Natalja Pustovalova Nørskov (Presenter)
Bio: Natalja P. Nørskov has completed her PhD at the age of 37 years from Aarhus University (Denmark). After her PhD she continued her work as a postdoc at Aarhus University working on development of high throughput methods for quantitative metabolomics using LC-MS instruments. Many of the methods are now published in the international journals. She is also a leader of a PhD course titled, “Hands-on targeted and untargeted LC-MS metabolomics with emphasis on measuring phytochemicals in plasma and urine”.

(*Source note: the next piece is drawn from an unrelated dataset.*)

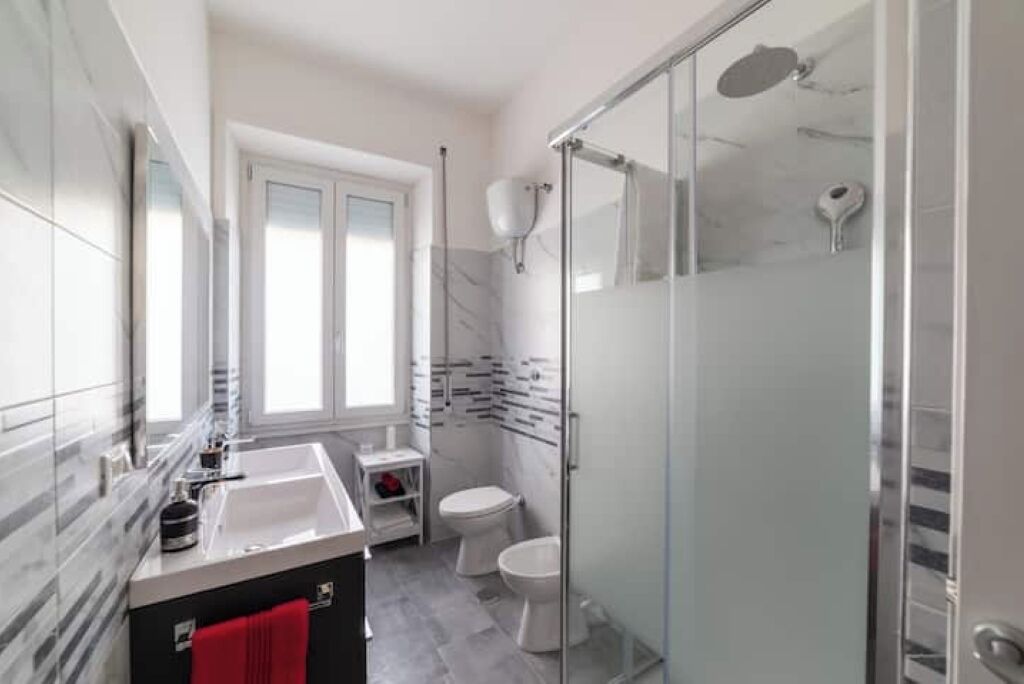 Dusche, Haartrockner, Bidet, Handtücher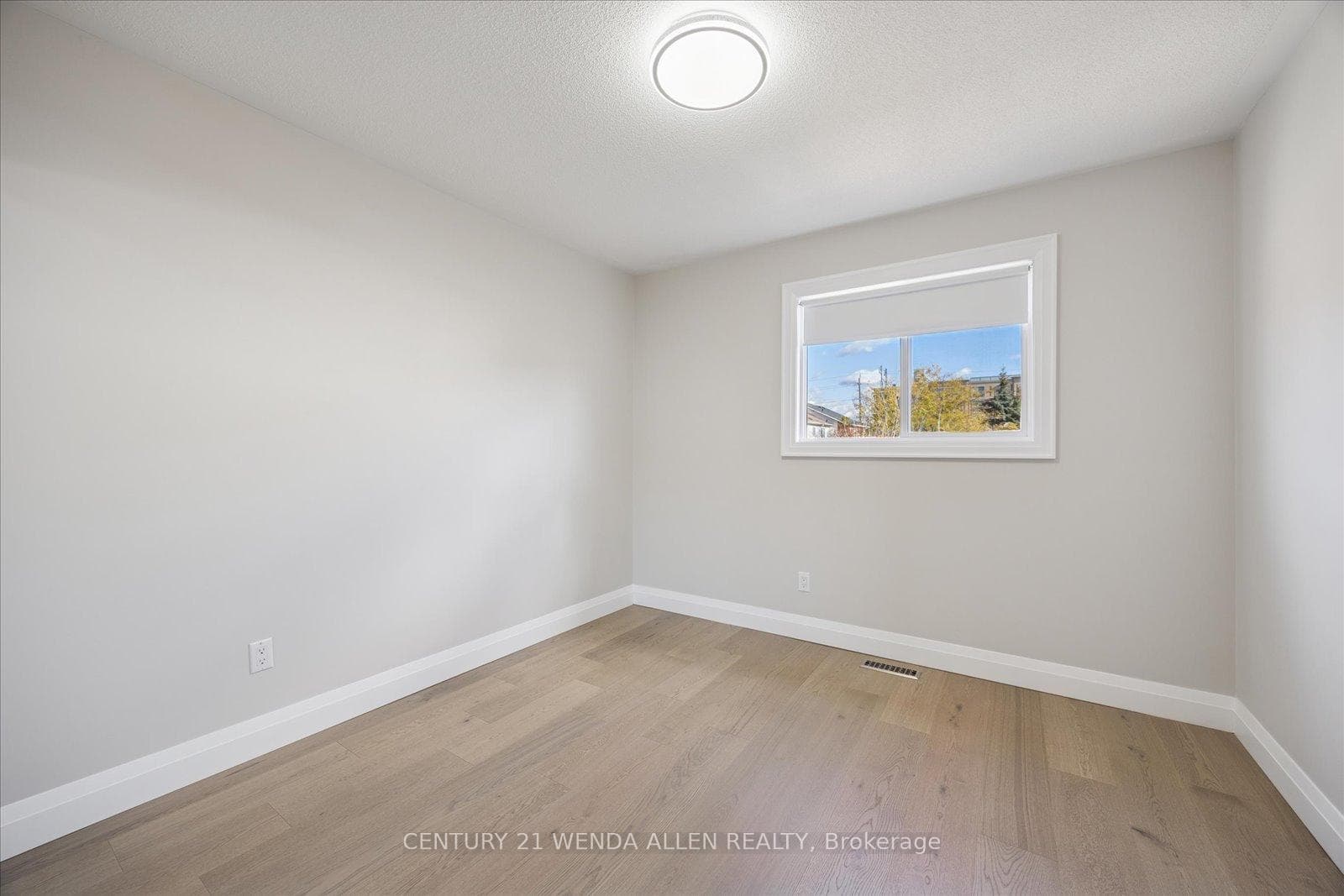 1781 Woodgate Trail photo 8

Authorship: Natalja P. Nørskov(1), Cecilie Kyrø(2), Anja Olsen(2), AnneTjønneland(2), and Knud Erik Bach Knudsen(1)
(1)Aarhus University, Department of Animal Science, AU-Foulum, Blichers Alle 20, P.O. box 50 DK-8830 Tjele, Denmark (2)Danish Cancer Society Research Center, Strandboulevarden 49, DK-2100 Copenhagen, Denmark
Enterolactone was discovered more than 30 years ago and since then it has been considered as a biomarker of healthy lifestyle in epidemiological studies. To measure enterolactone in plasma requires enzymatic hydrolyses as enterolactone is typically conjugated with glucuronic acid and sulfate. We have developed and validated a high-throughput LC-MS/MS method to quantify enterolactone without the need for hydrolysis. This has several advantages such as simple sample preparation procedure and measurement of enterolactone in its intact forms. The method has short chromatographic run time of 2.6 min with good accuracy and precision and high sensitivity, LLOQ down to 16 pM.
Enerolactone was discovered more than 30 years ago and since then it has been considered as a biomarker of healthy lifestyle in epidemiological studies. Enterolactone is the main mammalian lignan coming from the metabolism of plant lignans in the gastrointestinal tract of humans. Plant lignans are non-nutritive compounds found in many different plant foods consumed by humans; fruits, vegetables, bread, flaxseed, nuts and etc.(1,2). Epidemiological studies have indicated that diets high in dietary fiber, containing among other things lignans, are associated with positive nutritional and physiological effects with importance to human health. Therefore, it was hypothesized that plant lignans and especially their metabolite enterolactone, is one the contributors to the positive health effects. It was further hypothesized that enterolactone may play a preventive role in lifestyle diseases such as type 2 diabetes and and cardiovascular diseases. Moreover, due to its aromatic structure, enterolactone has similarities to steroid hormones and therefore has been considered to be protective against hormone-dependent cancers (3,4,5). Many studies have been performed trying to identify the role of enterolactone in breast, prostate, and colon cancers. However, results from these studies have been variable and difficult to explain, since the effect of enterolactone as a weak estrogen has been shown to be both agonistic and antagonistic (6). An important aspect to consider is the fact that all these studies have been performed with enterolactone measured as total enterolactone, not taking into account the conjugation pattern of enterolactone. To measure enterolactone in human plasma requires enzymatic hydrolyses with enzymes β-glucuronidase and sulfatase, as enterolactone is typically conjugated with glucuronic acid and sulfate.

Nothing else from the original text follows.